# Your objective
The expected result is an exact restatement of the data, free of pictures.

# Information supplied
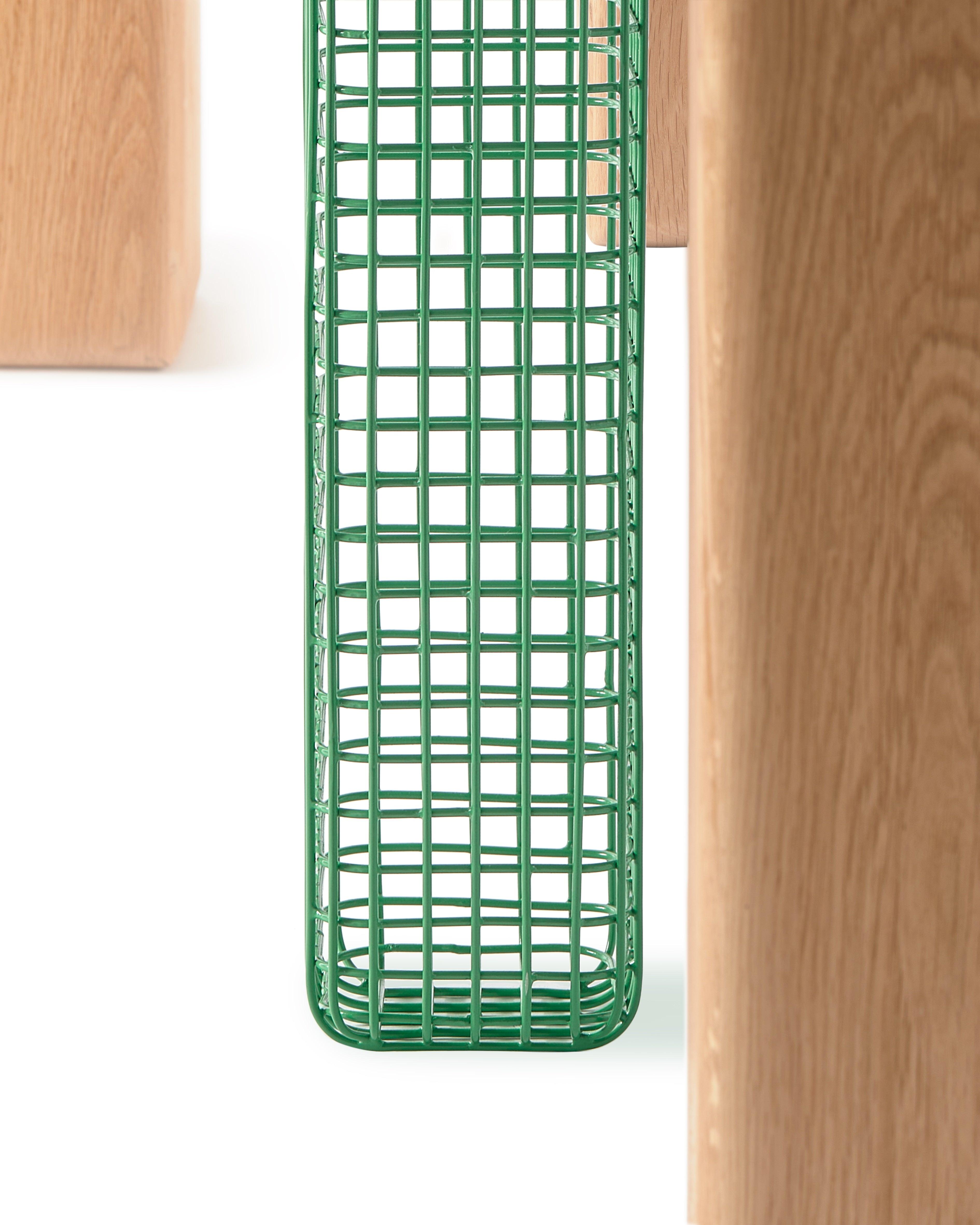 Stół dębowy STILTS z zieloną wstawką Pols Potten Eye on Design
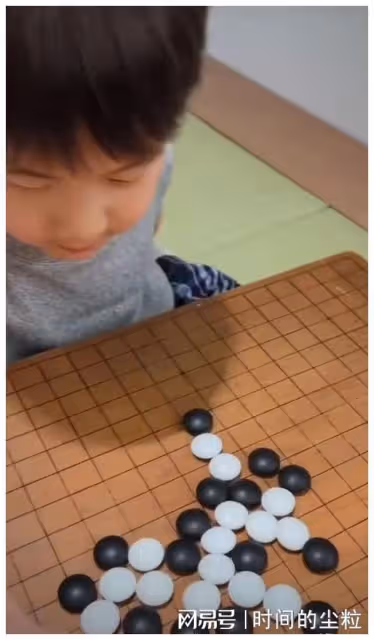 23位明星的跨年：張傑失聲，胡夏被追尾，孫莉曬兒子，邱淑貞出國
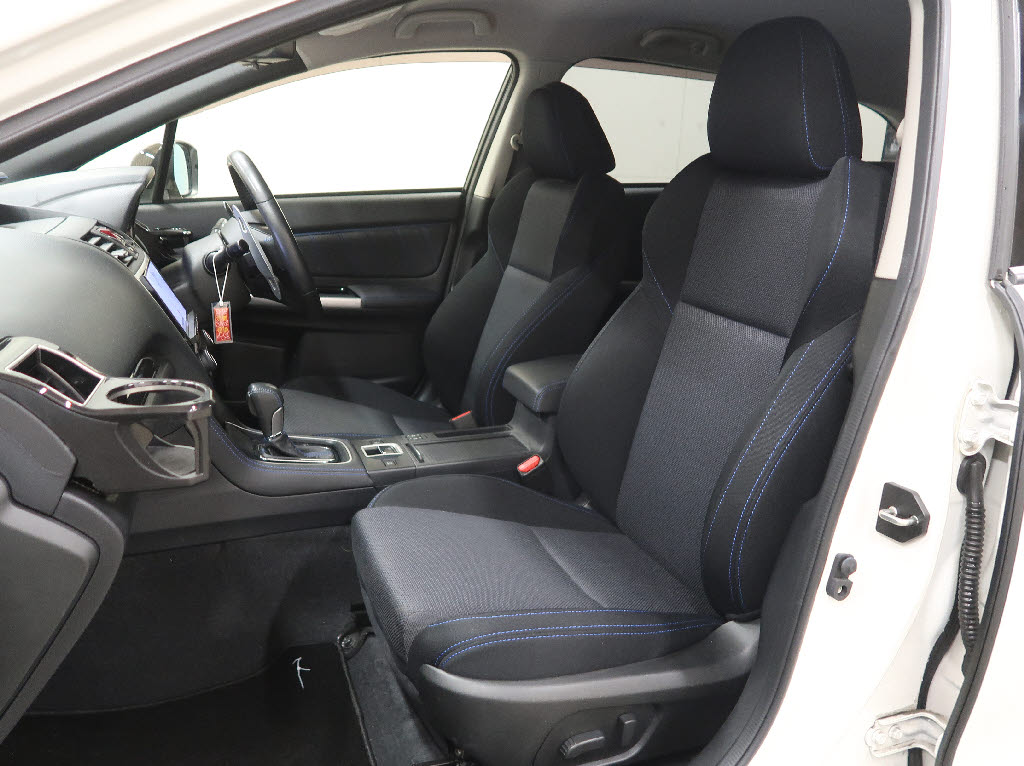 スバル レヴォーグ6枚目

# Answer to the problem
 Stół dębowy STILTS z zieloną wstawką Pols Potten Eye on Design
 23位明星的跨年：張傑失聲，胡夏被追尾，孫莉曬兒子，邱淑貞出國
 スバル レヴォーグ6枚目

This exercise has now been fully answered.